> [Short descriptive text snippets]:
---+---
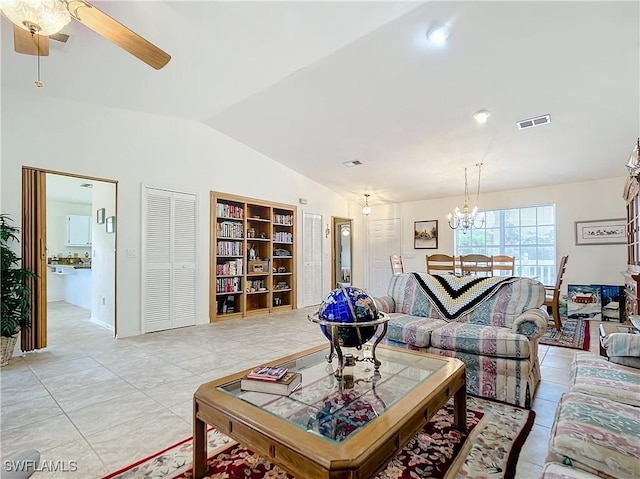 7397 Grande Pine Rd, Bokeelia, FL 33922 - tiled living room with ceiling fan with notable chandelier and lofted ceiling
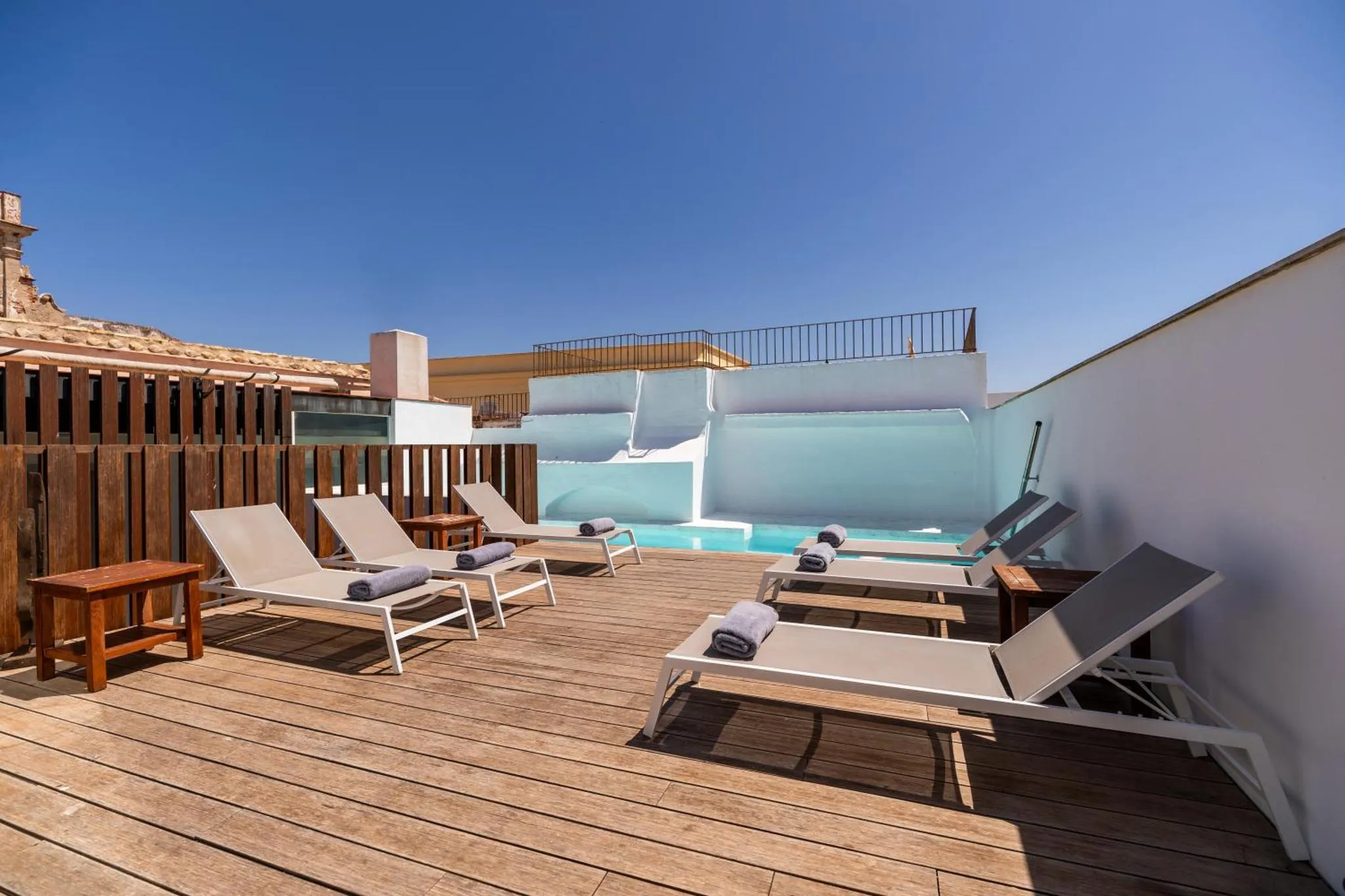 Terrasse avec transats et petite piscine sur toit.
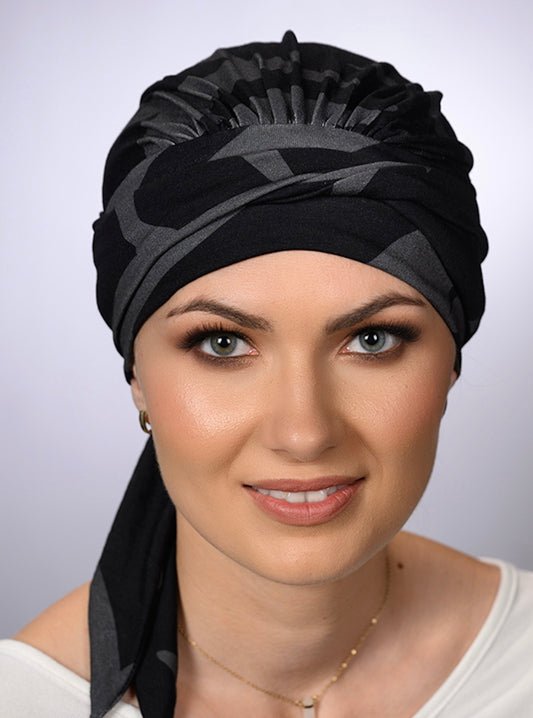 Turban chimio Amy noir à motif raffiné, élégant et confortable, idéal pour alopécie ou chimiothérapie avec style et douceur.
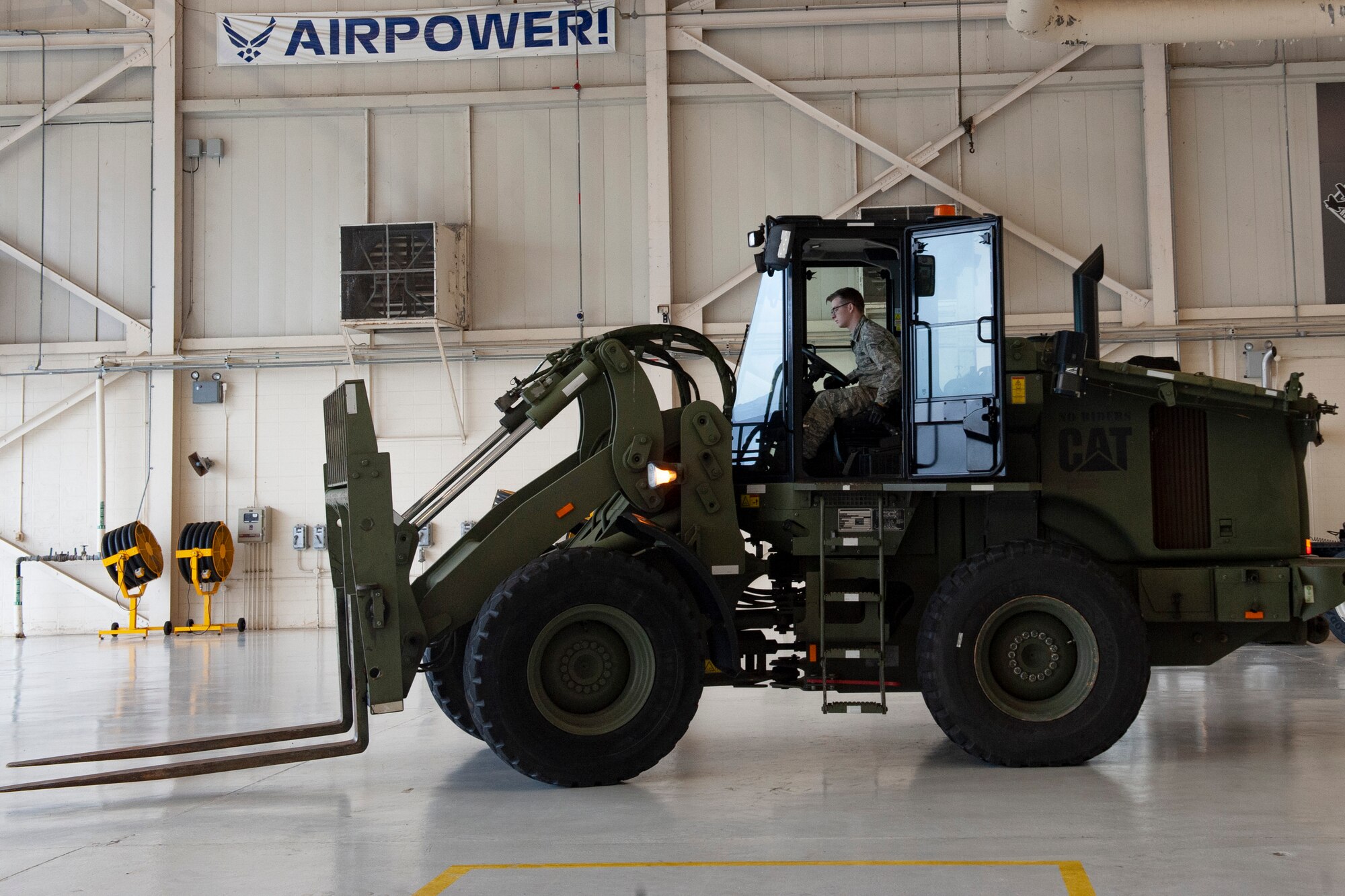 Photo of Airman operating a forklift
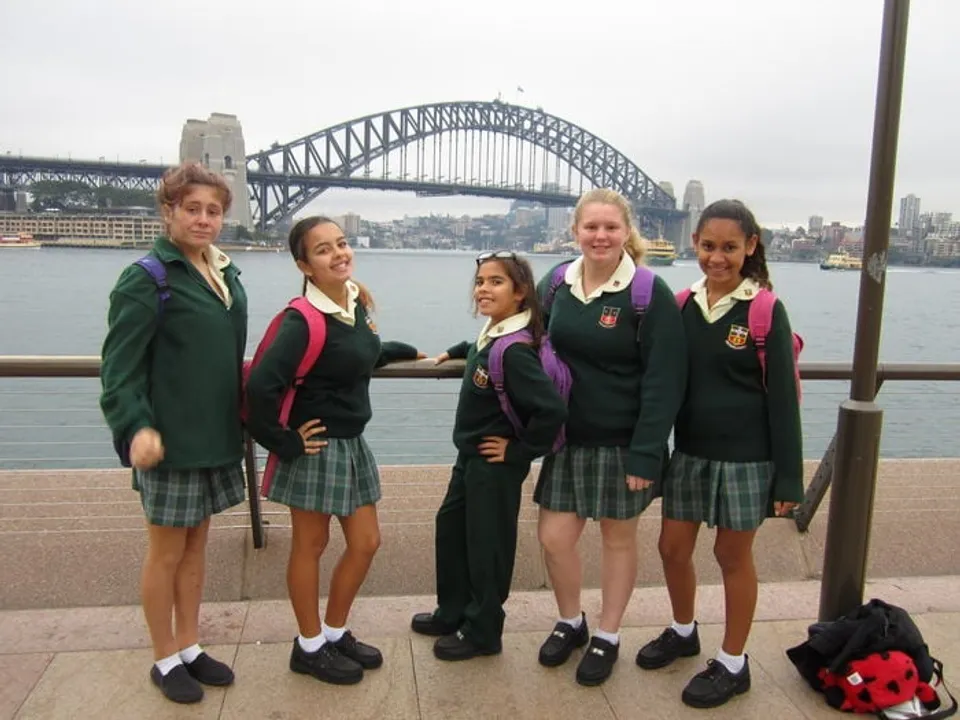Un gruppo di studentesse della Davidson High School posa davanti al Sydney Harbour Bridge con lo skyline della città sullo sfondo.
---+---
> [Work instruction]:
Take the lines from the one holding "Photo of Airman operating a forklift" through the last line of the data above and copy them exactly, both ends included, omitting all pictures.

> [Answer to the exercise]:
 Photo of Airman operating a forklift
Un gruppo di studentesse della Davidson High School posa davanti al Sydney Harbour Bridge con lo skyline della città sullo sfondo.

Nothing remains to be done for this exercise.